Bobby Moore and Pele swapped jerseys after England’s World Cup match against Brazil in Mexico in 1970
The Football Association has long celebrated Moore’s legacy – erecting a bronze statue outside Wembley Stadium – and there is no suggestion of any wrongdoing by the FA or the book’s publisher.
Indeed, the FA said last night: ‘Bobby Moore is an England hero. It would be wonderful if there was a way of finding his historic World Cup-winning shirt and putting it on display for the nation.’
Nonetheless, the riddle has left the family frustrated. One day after the FA passed on the intriguing information about the shirt, there was another shock. They were informed the ‘owner’ of the shirt had become ‘spooked a little’ by the unfolding saga, and may have decided ‘they just don’t need the… attention’.

England captain Bobby Moore holds aloft the World Cup following England’s victory in 1966
The publisher told the FA that the Moore shirt – which it described as ‘the single most historic piece of British sporting memorabilia in existence’ – would sadly no longer feature in the coffee table book.
Roberta said: ‘The whole thing felt so strange. We would like to hear from the shirt’s holder and to find out how they came to buy it.’
After all the to-ing and fro-ing, Christmas 2021 came and went with no sign of the coffee table book.

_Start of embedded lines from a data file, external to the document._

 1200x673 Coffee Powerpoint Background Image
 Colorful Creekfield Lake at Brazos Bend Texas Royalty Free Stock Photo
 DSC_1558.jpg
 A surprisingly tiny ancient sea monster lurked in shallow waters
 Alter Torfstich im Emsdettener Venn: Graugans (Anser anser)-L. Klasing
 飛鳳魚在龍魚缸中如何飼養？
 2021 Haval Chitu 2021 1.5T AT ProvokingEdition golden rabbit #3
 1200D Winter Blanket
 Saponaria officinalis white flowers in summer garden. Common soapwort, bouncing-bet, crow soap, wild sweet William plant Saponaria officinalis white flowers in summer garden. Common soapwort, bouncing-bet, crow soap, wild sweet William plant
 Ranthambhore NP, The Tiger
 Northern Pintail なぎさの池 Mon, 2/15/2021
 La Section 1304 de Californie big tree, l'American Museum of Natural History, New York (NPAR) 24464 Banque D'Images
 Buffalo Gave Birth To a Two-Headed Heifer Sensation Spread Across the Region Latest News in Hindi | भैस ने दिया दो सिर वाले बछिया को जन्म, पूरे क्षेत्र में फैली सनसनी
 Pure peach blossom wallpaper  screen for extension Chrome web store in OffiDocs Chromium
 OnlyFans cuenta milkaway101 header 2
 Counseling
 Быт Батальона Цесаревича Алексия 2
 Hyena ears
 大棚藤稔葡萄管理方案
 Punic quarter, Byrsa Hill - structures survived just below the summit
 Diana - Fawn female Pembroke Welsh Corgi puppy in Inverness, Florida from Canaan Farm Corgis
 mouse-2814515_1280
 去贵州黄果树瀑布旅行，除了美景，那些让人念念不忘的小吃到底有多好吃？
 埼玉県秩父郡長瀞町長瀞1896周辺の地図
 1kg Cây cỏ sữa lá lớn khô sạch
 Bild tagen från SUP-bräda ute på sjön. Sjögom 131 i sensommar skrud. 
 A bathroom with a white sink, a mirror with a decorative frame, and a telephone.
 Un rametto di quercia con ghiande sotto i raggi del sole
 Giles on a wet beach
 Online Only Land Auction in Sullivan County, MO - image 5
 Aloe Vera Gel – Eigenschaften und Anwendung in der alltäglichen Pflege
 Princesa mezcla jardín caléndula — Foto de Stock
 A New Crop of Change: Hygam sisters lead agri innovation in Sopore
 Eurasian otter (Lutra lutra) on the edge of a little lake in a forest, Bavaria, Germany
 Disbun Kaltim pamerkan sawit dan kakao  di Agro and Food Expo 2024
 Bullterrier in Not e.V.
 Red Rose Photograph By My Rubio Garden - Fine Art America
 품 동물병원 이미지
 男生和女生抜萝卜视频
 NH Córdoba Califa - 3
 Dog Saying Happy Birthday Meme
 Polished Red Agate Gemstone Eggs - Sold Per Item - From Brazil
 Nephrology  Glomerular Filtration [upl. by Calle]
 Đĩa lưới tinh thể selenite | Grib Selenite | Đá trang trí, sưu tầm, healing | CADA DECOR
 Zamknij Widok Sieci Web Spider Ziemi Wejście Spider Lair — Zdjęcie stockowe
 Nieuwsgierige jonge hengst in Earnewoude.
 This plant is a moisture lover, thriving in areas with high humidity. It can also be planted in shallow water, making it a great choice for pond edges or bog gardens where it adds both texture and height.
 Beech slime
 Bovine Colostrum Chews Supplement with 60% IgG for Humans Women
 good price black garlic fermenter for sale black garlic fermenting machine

It finally hit the bookshops in autumn 2022.
A glossy and weighty hardback, Three Lions On A Shirt is a fascinating book, taking the reader through a mesmerising collection of the most famous shirts in English football history, beautifully pictured by photographer Paul Downes. But absent is the most legendary of them all, Moore’s World Cup-winning top.
Tina said: ‘When I look at this shirt, what I see is the wonderful man who actually wore it on that day when we won the World Cup. It means so much to our family and I would just love to have it back and to share it with my family and also I would like the nation – England – to be able to look at what a magnificent tribute it is to Bobby.’
But to the family’s frustration, the trail has gone decidedly cold.